Web scraping in n8n

Table of Contents

I am a big fan of n8n and I am using it for a lot of my projects. I love that it provides a self-hosted version and this self-hosted version is not paywalled like if often happens with so-called "open core" products which just use "open source" as a marketing term.

Web scraping in n8n can be both simple and sophisticated, depending on your approach and tools.

In this blog post, I will explore two ways of scraping: basic HTTP requests and advanced scraping techniques using ScrapeNinja n8n integration. Whether you're building a price monitoring system or gathering competitive intelligence, this guide will help you choose the right approach.

n8n is a powerful low-code automation platform that allows building complex workflows without writing code. While it's similar to Zapier and Make.com, it offers more technical flexibility and can be self-hosted, making it perfect for data-intensive operations like web scraping.
Compared to custom-built web scrapers where you can often find yourself digging through cryptic text logs, n8n provides a very nice observabiliy out of the box: "Executions" tab on each scenario allows to explore how everything goes and where/how errors, if any, happen. This applies not just to web scraping scenarios, but any scenario in n8n, of course, but if you ever scraped some real website you know how often web scrapers break and require maintenance - this indeed can be painful!

ScrapeNinja is a web scraping API built to mitigate common challenges in modern web scraping. It provides high-performance scraping capabilities with features like real browser TLS fingerprint emulation, proxy rotation, and JavaScript rendering. All this complexity is packed into two simple API endpoints: /scrape?url=<target_website> and /scrape-js?url=<target_website - there are plenty of params to control the behaviour of ScrapeNinja but n8n node simplifies our life because most of these API params have UI controls and it's rather easy to find out how it works.

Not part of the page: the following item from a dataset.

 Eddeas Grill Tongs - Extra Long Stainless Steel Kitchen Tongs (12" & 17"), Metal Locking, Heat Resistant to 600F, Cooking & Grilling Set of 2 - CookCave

The integration between n8n and ScrapeNinja combines the power of workflow automation with enterprise-grade scraping capabilities.

HTTP Node

Understanding the Basics

The HTTP node is your gateway to web scraping (and HTTP requests in general) in n8n. It's the Swiss Army knife of HTTP requests, capable of GET, POST, PUT, and other methods. While it might seem straightforward, there's more than meets the eye when it comes to its configuration and retry capabilities.
n8n HTTP node

Response Handling

The HTTP node provides several important response configuration options:

  • Response Format: Automatically detects and parses various formats (JSON, XML, etc.)
  • Response Headers: Option to include response headers in the output
  • Response Status: Can be configured to succeed even when status code is not 2xx
  • Never Error: When enabled, the node never errors regardless of the HTTP status code
    Never Error setting

Retry Mechanics

The HTTP node comes with built-in retry functionality that can be a lifesaver when dealing with unstable connections or rate-limited APIs. Like all n8n nodes, it includes a generic retry mechanism for handling failures. However, this basic retry system is often too simplistic for real-world web scraping, where you need granular control over retry conditions based on specific response content or status codes.

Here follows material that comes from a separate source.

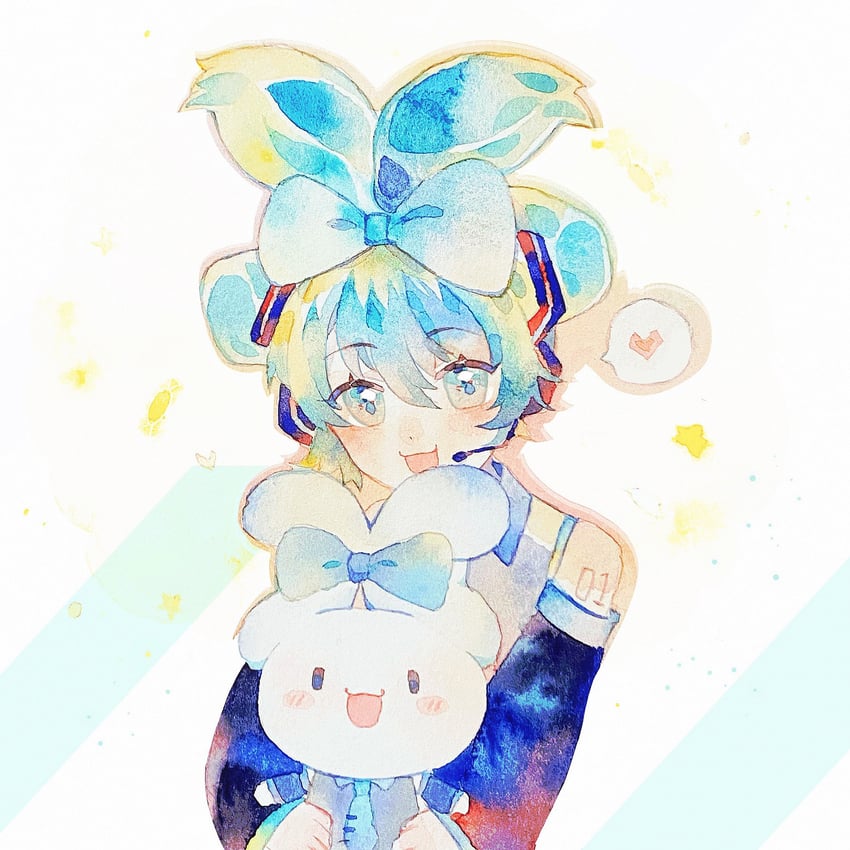hatsune miku, cinnamoroll, and cinnamiku (vocaloid and 2 more) drawn by sanyue_bingbing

Here's what you need to know about HTTP node retries:

  • Retry Options: You can set both the number of retries and the wait time between attempts
  • Generic Nature: The retry mechanism is designed for general HTTP failures, not specialized scraping scenarios

However, these retries are "dumb" - they use the same IP address and request fingerprint, which often isn't enough for serious scraping operations.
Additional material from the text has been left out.